THE BLOG
05/31/2010 05:12 am ET | Updated May 25, 2011

Customer Channel Intensity

We all recognize that a total channel, total relationship, total profitability view of the customer is essential moving forward for retail banking. So the question becomes how to collate that data organizationally. Until you lift the hood and see all this data, then it's just too hard to really know where revenue lies.

As I'm speaking to more and more banks about BANK 2.0 a glaring realization is coming together. I think this has to be a core role with the bank moving forward - why? Because this is what someone needs to tell management for them to get it right.

Right now today I believe that in most developed economies if we properly measured Internet as a channel we'd find that it contributes on a par with Branches in respect to revenue. Internet is the primary day-to-day channel for almost half the retail bank's customers today.

My argument is as follows. Let's take a product like mortgages - in the USA, UK, Hong Kong, Singapore, Australia, Malaysia or similar with 70-75% internet penetration. Most people would be doing their primary product research on the web before committing to a mortgage. In some cases they might actually apply online, but even if they don't apply online they are still doing the bulk of their research online then they'd call to make an appointment or use an online enquiry form, etc. The key component of the sales process has really happened outside the branch (i.e. the 'hook'), but in the end it's likely that a bunch of sales get recorded as 'branch' revenue when actually the lead was generated online. Same with credit cards, life insurance, etc.

Now, internally as a bank we tend to have revenue as a key measure because it directly effects profit and therefore EPS (Earnings per share).

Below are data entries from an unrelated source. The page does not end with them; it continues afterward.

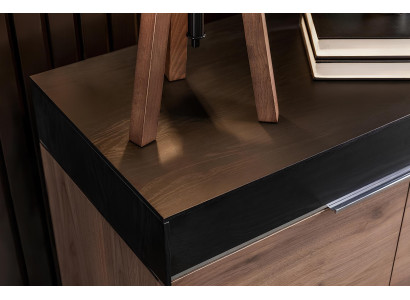 Set med svarta stolar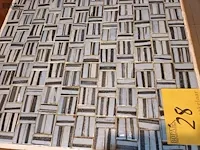 Lot 28 - vintage keukentafel met tegels - afbeelding 3 van  4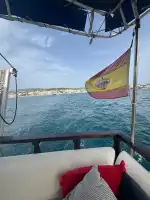 Suite del Mar Yacht Charter - Image 6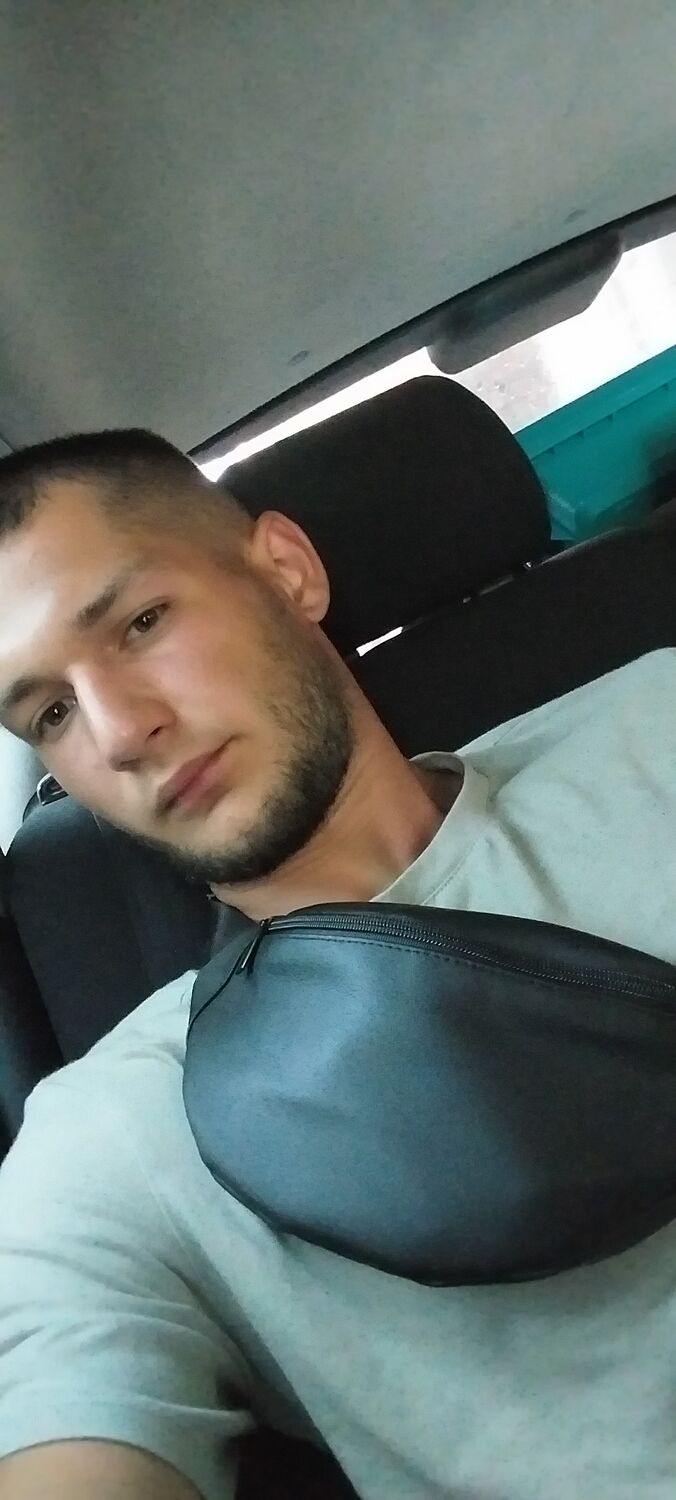  28675686  Kirill, 24 ,    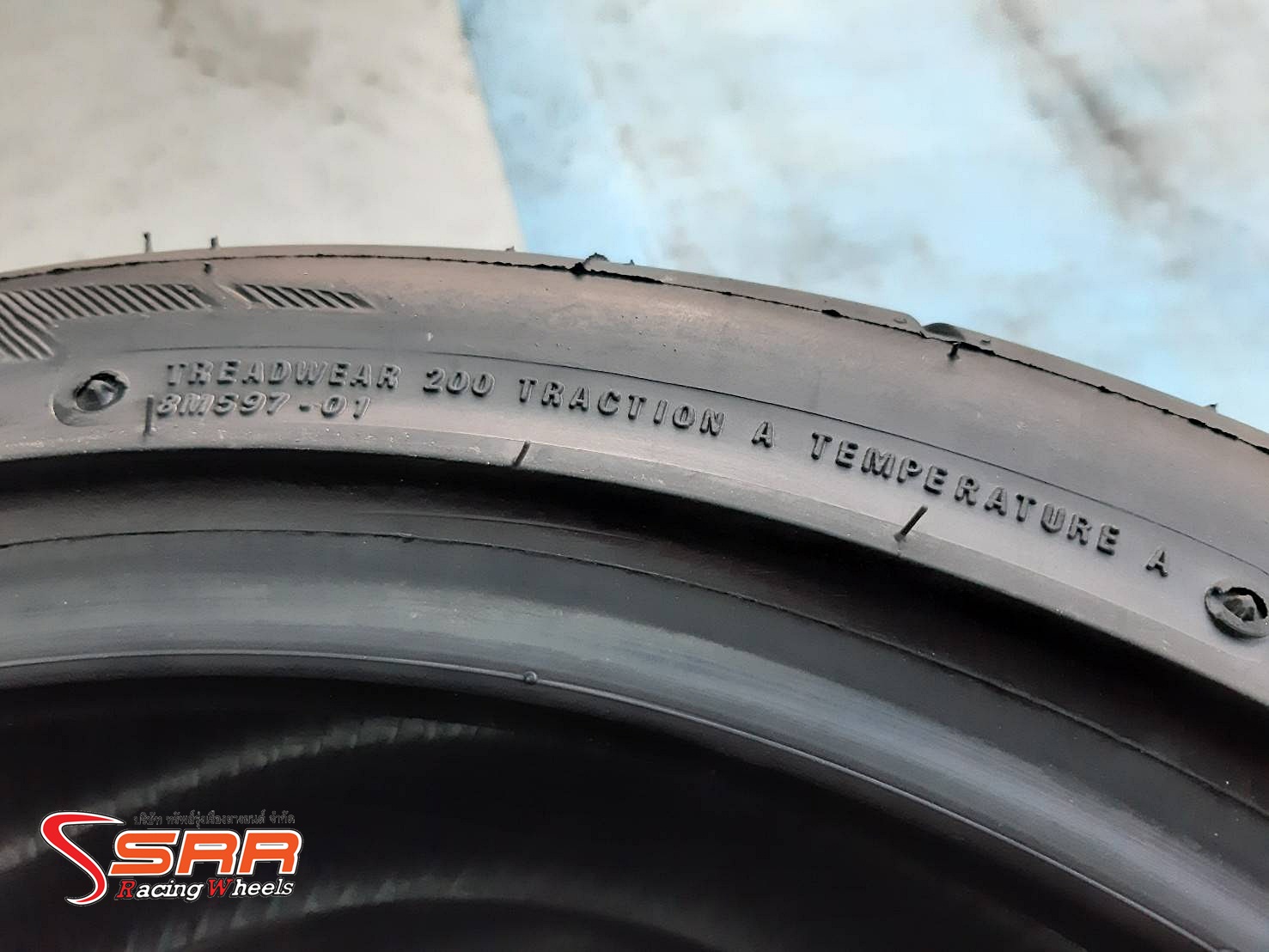 ACCELERA 651 SPORT 235/40R18 ราคาพิเศษ เส้นละ 2,750 บาท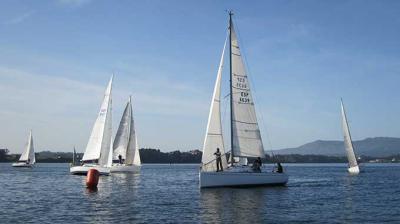 Corsario VI, Rafagas II y Piko Norte encabezan la XII regata Ensenada de Rianxo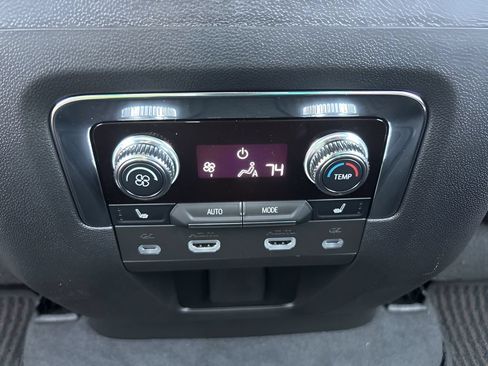 Used 2023 GMC Yukon Denali Ultimate AWD/4WD image 13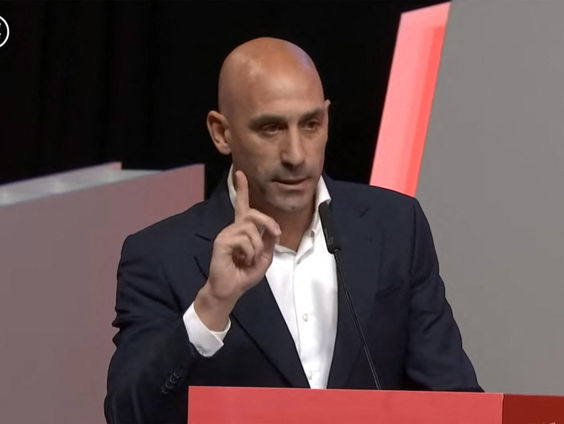 Spanje-correspondent Edwin Winkels over Rubiales-debacle: "Enorme beweging ontstaan tegen het machisme"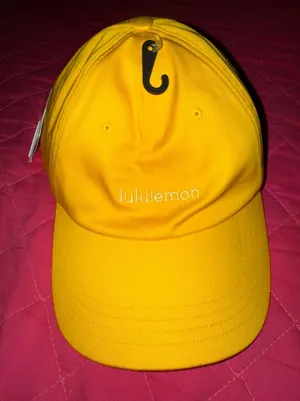 Lululemon Classic Ball Cap Yellow S/M NWT‎ thumbnail 1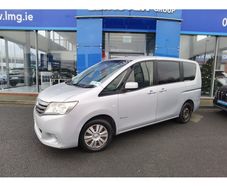 Nissan Serena 2013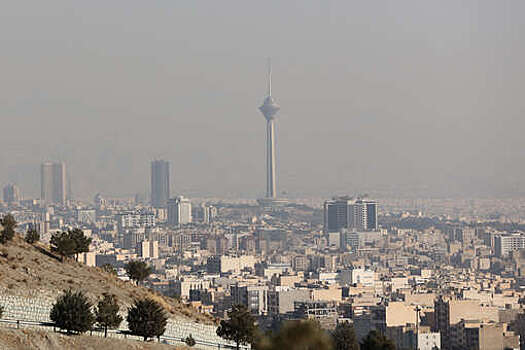 Десятки тысяч иранцев вышли на демонстрации в связи с годовщиной Исламской революции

What we look from a financial metrics perspective is what Branch A, Product B and Direct Channel C did month-on-month as a comparison of relative performance over time. We look at revenue for product as a whole, we look revenue for the channel as a whole, but I don't believe banks generally have a clear picture of how customers engage for a product 'journey' and where the revenue is really coming from. Additionally, we probably have a fair idea on transaction traffic per channel, but do we know how that traffic has changed over the last 2-3 years? What is the pattern? Can we predict more accurately where customers will be going in the future.